The young adult market for good books seems to be in flux right now, with all the major publishers volleying for position. But publishers are not sure what the demand for that market is. Do YAs and Millennials want more fantasy? More super heroes? Zombies? Nonfiction? And if it is nonfiction they’re looking for, what topics are the younger generations interested in?
For me, the decision to write Immersion was less analytical as it was an attempt to redirect the readers’ attention from social media for a moment, to encourage them to take time to enjoy and re-establish an appreciation for the literary arts. And in Detroit, where I now reside, there is a very active movement to do just that. Mainly because the underfunded school district has to think of innovative ways to improve the academic growth of so many students who lack the basic foundation of good reading skills.
My observation in the education arena is not that the schools are failing our students, as much as the economic system is placing our students at risk of not being able to compete in a global labor market. For instance, the Digital Divide exists between those who are fortunate enough to afford computer technology and Internet access at home and those who cannot. There is a difference between a classroom in the inner city, where 30 elementary-school students have no iPads, while in the schools with good funding, high performance, and high enrollment students may have their own assigned iPads that they can take home over the summer for reading assignments.
These factors, along with lack of access to affordable tutors, or something as simple as an in-school library, have served as hindrances in assuring all students have an equal access to a quality education. But, one factor that can tip the balance is the writing community’s desire and drive to provide compelling literature for all to read and engage in.

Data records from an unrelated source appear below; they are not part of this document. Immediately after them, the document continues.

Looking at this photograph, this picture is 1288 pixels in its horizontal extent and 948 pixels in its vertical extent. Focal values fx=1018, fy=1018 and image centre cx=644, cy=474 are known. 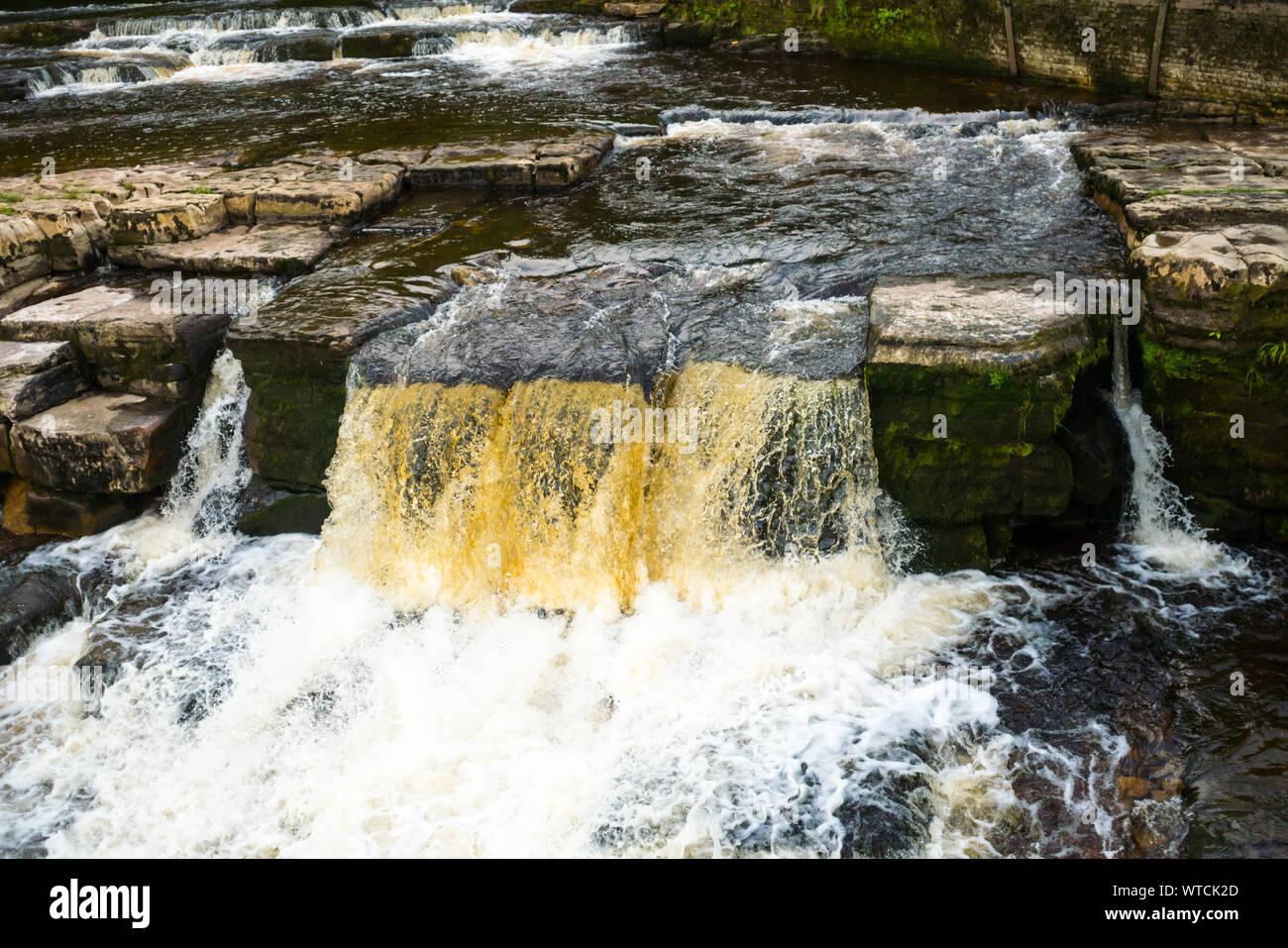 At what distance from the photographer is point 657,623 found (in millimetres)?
5297

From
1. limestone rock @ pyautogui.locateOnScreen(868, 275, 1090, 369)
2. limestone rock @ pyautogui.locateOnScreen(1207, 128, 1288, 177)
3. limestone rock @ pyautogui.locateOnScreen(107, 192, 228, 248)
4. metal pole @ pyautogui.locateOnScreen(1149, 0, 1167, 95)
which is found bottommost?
limestone rock @ pyautogui.locateOnScreen(868, 275, 1090, 369)

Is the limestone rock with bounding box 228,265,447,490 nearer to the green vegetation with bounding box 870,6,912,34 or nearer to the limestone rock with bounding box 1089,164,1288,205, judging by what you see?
the limestone rock with bounding box 1089,164,1288,205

When one student asked me, “What makes your book different? Why should I read it?” My response was, “Because the characters in this book look and act just like you.” Their reaction resulted in a rousing round of approval. One young lady said, ”I’m buying your book today just because of that!” If that’s all it takes to get our younger readers to consider picking up a book to find answers, or as a source of entertainment, I feel I have accomplished my goal to just get them reading good literature again.